1. Henrik Rammer, director at Axcel 

2. Johan Wiström, partner at Avantus Corporate Finance

3. Patrik Rignell, founding partner at Karnell 

4. Peter Möller, partner at FSN Capital 

5. Nigel Van Zyl, partner at Proskauer

6. Harald Mix, managing partner at Altor Equity Partners

7. Göran Barsby, senior partner at CapMan

With its many waterways slicing up the city, cultivating remote yet protected islands, the delta-like landscape that makes up Stockholm reflects Sweden’s – and the Nordic region’s – position in the current macroeconomic turbulence. The city’s strong and stable infrastructure provides a sense of security, although choppy waters caused by regulatory rumblings and the constricted debt markets are gaining force as the winter snow begins to melt.

The Nordics have always been a sweet spot for investor cash, partly because of its wealth of privately owned companies, typically set up after World War II and now facing succession issues. These businesses, often family-run, have always demanded local presence and expertise, causing the proliferation of Nordic private equity players, while staving off competition from outsiders.  

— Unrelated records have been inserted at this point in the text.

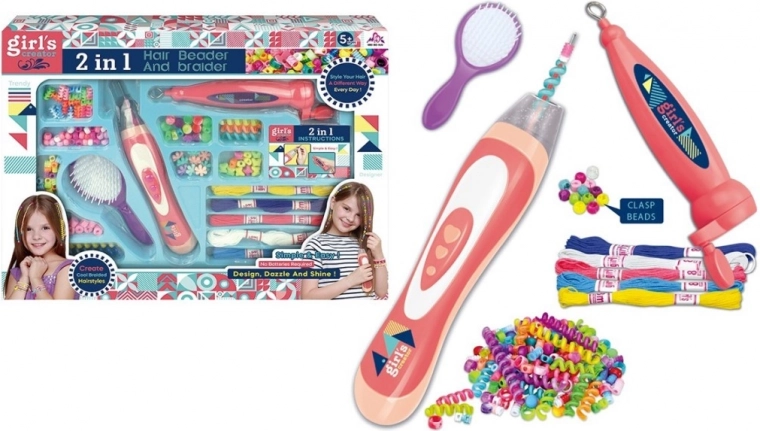 Set de mărgele pentru împletit în păr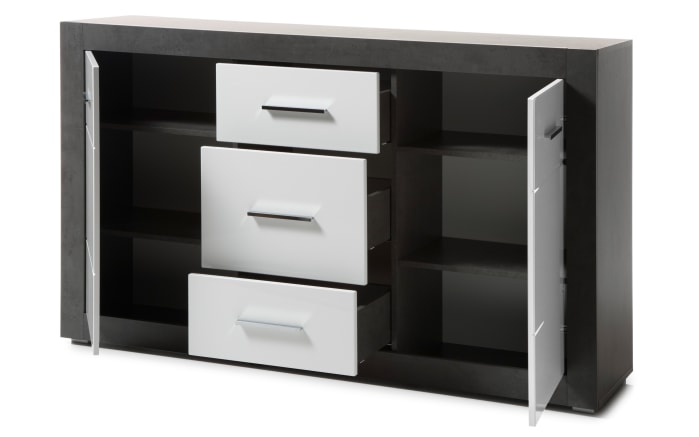 Sideboard Etero, weiß, Dark Concret-03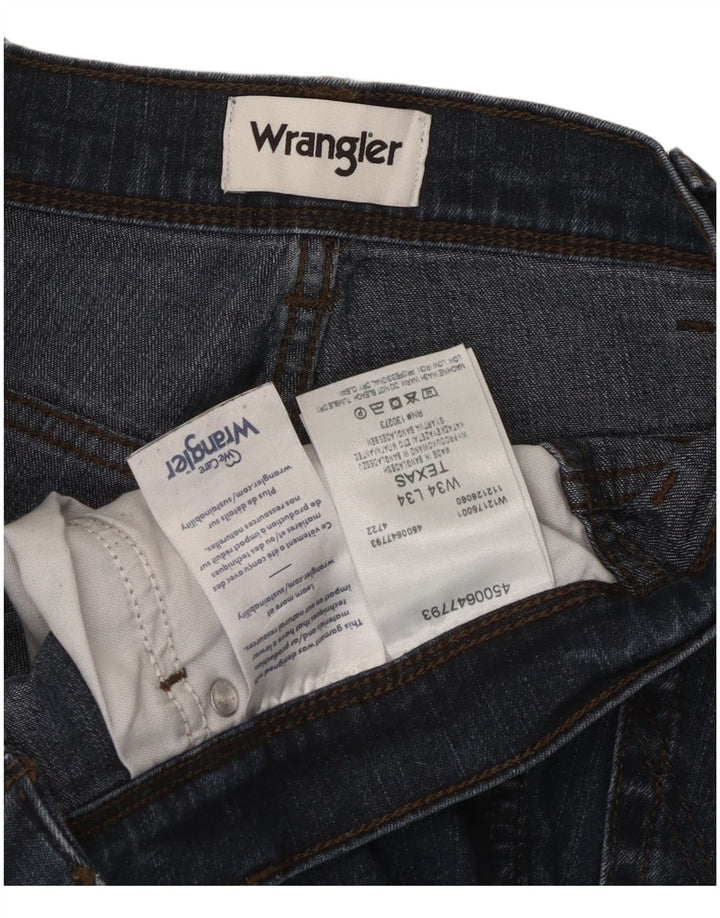 Męskie jeansy Wrangler Texas Straight W34 L34 Niebieskie, bawełniane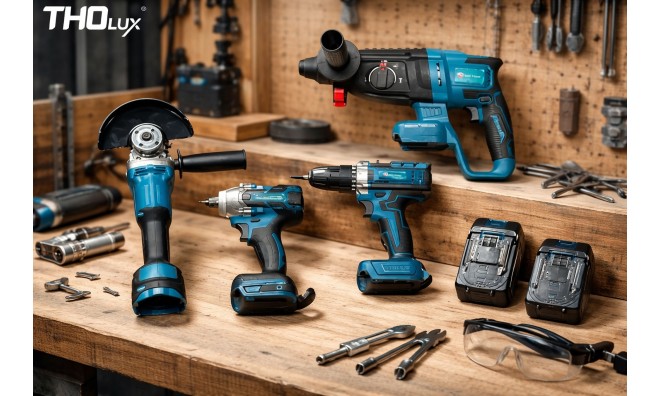 THO 4 részes akkus szerszámkészlet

Such companies are typically targets for the lower mid-market and can give rise to the coveted, yet elusive, proprietary deal. According to Henrik Rammer, a director at Axcel: “There is definitely still a large potential for proprietary discussions with sellers, especially for slightly smaller deals.”

“We are also active at that end of the market,” says Johan Wiström, partner at Avantus Corporate Finance, part of the M&A International network. “On the sale side we want to run processes but on the buy side, for both platform acquisitions and add-ons, you can really create a lot of value by searching out the companies and initiating bilateral discussions.”

Peter Möller, partner at FSN Capital, believes it is a firm’s cross-border capability that gets these off-market deals through the door. “When we meet an entrepreneur we position ourselves as an operational partner to aid the business’s international growth. I think it is an advantage to be an international player with a local office – that way you can compete effectively with local firms. Looking at the small to mid-cap market, the majority of entrepreneurs looking to sell haven’t sold before, therefore price and process is less important. The sellers are more concerned with finding a partner they can work with to develop the company. It is also often the case that the personal chemistry achieved when you first meet is key in winning the deal.”

Second coming

However, the age-old belief that off-market deals provide the juiciest returns is starting to fade and, as in much of Europe, the secondary buyout is steadily becoming the most fruitful source of deal flow. Göran Barsby, senior partner of CapMan, questions whether this is a bad thing.

“Secondary deals are probably less risky unless you pay a high price,” agrees Harald Mix, managing partner of Altor Equity Partners. “The difficulty is if the company is well polished as most of the margin improvement opportunity is lost. Then it becomes a game of who is prepared to put the most leverage on it, which will have a significant impact on the exit multiple.”

“Secondary deals can be more stable and perfectly OK – that is the shared understanding within the industry,” adds Patrik Rignell, founding partner of Karnell. “However, in the wider press secondaries are questioned because it is difficult to understand how firms can do deals with each other. They think it is some sort of pyramid scheme!”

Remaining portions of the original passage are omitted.